Jordan R W, Westacott D, Srinivas K, Shyamalan G
Birmingham Heartlands Hospital, Bordesley Green East, Birmingham, B9 5SS, UK,
Eur J Orthop Surg Traumatol. 2015 Jul;25(5):841-5. doi: 10.1007/s00590-015-1627-0. Epub 2015 Apr 17.
The majority of displaced distal radius fractures are managed by closed reduction and cast immobilisation. Redisplacement is associated with initial displacement, imperfect reduction and quality of cast. The aim of this study was to establish which factors predict the risk of redisplacement.
A retrospective analysis between September 2010 and April 2013 of children who underwent closed manipulation and cast immobilisation for a distal third radius fracture was performed. Open fractures, those treated with fixation, and cases with associated dislocations or physeal injuries were excluded. Initial fracture translation and angulation, the distance from the physis and the presence of an ulna fracture were recorded. Intra-operative radiographs were analysed to assess reduction, the cast index and gap index. Clinic records and post-operative radiographs were reviewed to identify redisplacement or further surgical intervention.
During the study period, 107 children underwent closed reduction and casting: 82 boys (76.6 %) and 25 girls (23.4 %), and the mean age of the group was 10 years. Twenty-nine children (27 %) suffered a radiographic redisplacement although only five children underwent a second surgical intervention. Statistically significant risk factors for redisplacement were initial fracture translation (p < 0.001), success of reduction (p < 0.001) and associated ulna fracture (p = 0.021). Both the mean cast index (0.81 vs. 0.78) and mean gap index (0.16 vs. 0.14) were higher in the redisplaced group, but this did not reach statistical significance.

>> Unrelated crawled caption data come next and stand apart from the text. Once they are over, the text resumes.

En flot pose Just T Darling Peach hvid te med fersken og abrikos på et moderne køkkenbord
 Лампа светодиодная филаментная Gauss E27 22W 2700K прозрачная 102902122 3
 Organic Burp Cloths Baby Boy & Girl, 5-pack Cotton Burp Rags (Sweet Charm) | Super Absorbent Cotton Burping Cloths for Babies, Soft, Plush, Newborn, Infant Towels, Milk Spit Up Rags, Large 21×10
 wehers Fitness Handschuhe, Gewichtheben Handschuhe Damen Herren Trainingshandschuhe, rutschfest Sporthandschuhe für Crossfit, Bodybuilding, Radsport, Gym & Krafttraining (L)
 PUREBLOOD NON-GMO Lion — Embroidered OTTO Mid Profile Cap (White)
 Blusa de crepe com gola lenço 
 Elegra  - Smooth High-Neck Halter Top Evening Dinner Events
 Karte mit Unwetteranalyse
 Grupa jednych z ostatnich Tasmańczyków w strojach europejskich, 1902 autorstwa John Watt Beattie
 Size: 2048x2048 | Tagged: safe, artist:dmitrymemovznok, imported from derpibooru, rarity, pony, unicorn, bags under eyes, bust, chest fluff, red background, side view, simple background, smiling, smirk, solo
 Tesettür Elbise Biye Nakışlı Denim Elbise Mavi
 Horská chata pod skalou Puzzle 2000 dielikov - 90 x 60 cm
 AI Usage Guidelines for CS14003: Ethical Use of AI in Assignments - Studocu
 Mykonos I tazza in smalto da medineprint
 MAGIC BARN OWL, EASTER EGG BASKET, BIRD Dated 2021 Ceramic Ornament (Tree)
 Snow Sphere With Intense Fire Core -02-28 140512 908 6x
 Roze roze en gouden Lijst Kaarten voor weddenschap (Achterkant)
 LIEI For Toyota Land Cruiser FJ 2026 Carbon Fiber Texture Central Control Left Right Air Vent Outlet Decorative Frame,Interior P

Closed reduction and immobilisation of paediatric distal radius fractures is associated with a high redisplacement rate. Initial fracture type and success of reduction are key risk factors.
大多数桡骨远端移位骨折通过闭合复位和石膏固定进行治疗。再移位与初始移位、复位不完善及石膏质量有关。本研究的目的是确定哪些因素可预测再移位风险。
对2010年9月至2013年4月间因桡骨远端三分之一骨折接受闭合手法复位和石膏固定的儿童进行回顾性分析。开放性骨折、接受内固定治疗的骨折以及伴有脱位或骨骺损伤的病例被排除。记录初始骨折的移位和成角情况、距骨骺的距离以及尺骨骨折的情况。分析术中X线片以评估复位情况、石膏指数和间隙指数。查阅临床记录和术后X线片以确定是否发生再移位或进一步的手术干预。
在研究期间,107名儿童接受了闭合复位和石膏固定:82名男孩(76.6%)和25名女孩(23.4%),该组儿童的平均年龄为10岁。29名儿童(27%)发生了影像学再移位,尽管只有5名儿童接受了二次手术干预。再移位的统计学显著危险因素为初始骨折移位(p<0.001)、复位成功情况(p<0.001)和合并尺骨骨折(p = 0.021)。再移位组的平均石膏指数(0.81对0.78)和平均间隙指数(0.16对0.14)均较高,但未达到统计学显著性。
小儿桡骨远端骨折的闭合复位和固定与较高的再移位率相关。初始骨折类型和复位成功情况是关键危险因素。